Come non lasciarsi raggiungere da quelle parole dette da Gesù a Nicodemo: “Dio ha tanto amato il mondo da dare il Figlio Unigenito…” (Gv 3,16) ? “Tanto”… La Croce è la misura dell’amore di Dio per il mondo, cioè noi: “tanto”… eccessivo, senza limiti, infinito. “tanto”… è la vita che sgorga da quelle piaghe per risanare le nostre ferite interiori; “tanto”… è l’umiltà di Dio che accetta di morire per darci la vita senza fine. Nella Croce possiamo capire il “come” e il “quanto” dell’amore di Dio per noi. Alla domanda: “chi è Dio?”, San Bernardo di Chiaravalle rispondeva: “Cerca la risposta nel crocifisso”.
La croce è la firma autografa di Dio, con l’inchiostro del suo sangue. La croce è la cattedra da cui ci viene la più bella lezione di Dio.
L’amore, anche quello umano, può disegnare cuori ma anche incidere ferite. Davvero l’amore per qualcuno può procurarci delle ferite. Spesso sono visibili solo a Dio. Ma c’è una certa bellezza anche in esse, ci innestano nel tronco vivo della vita. E, come per i vegetali, ci si innesta solo per ferita.

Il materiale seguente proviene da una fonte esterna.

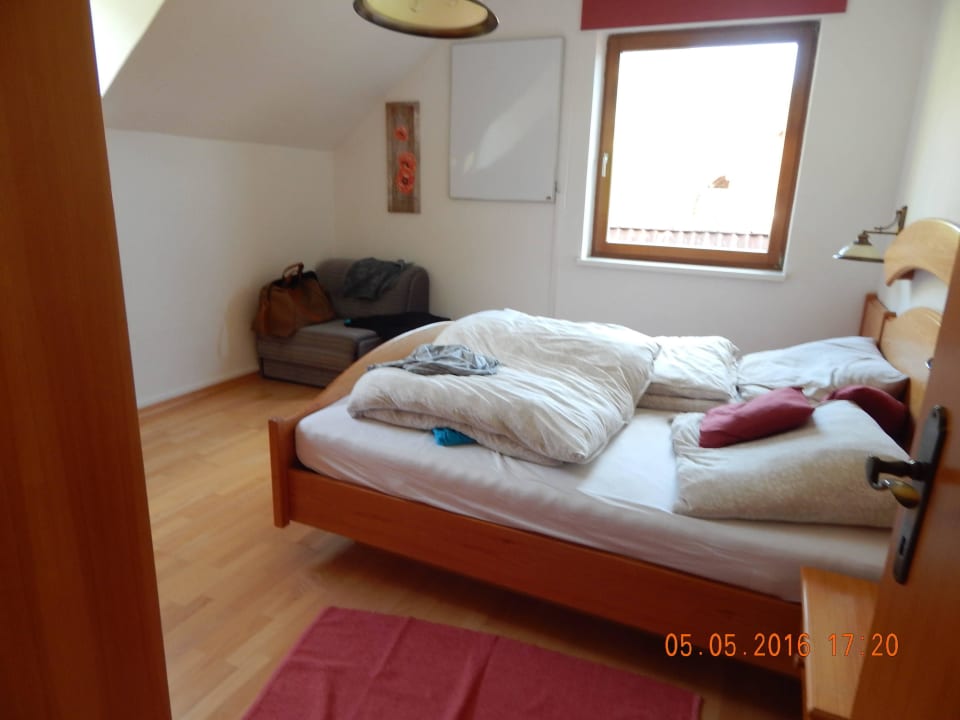 Schlafzimmer Ferienwohnungen Fischerhaus direkt am See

In cooperativa con la Croce, manifesto anche delle nostre sofferenze, sulla quale Gesù ha sperimentato la desolazione più amara e il drammatico abbandono di Dio, possiamo affrontare i momenti più dolorosi. Ma perché? Perché l’amore conosce molti doveri, ma il primo di questi è di stare con l’amato. E’ in croce per essere con me e come me. Perché io possa essere con Lui e come Lui.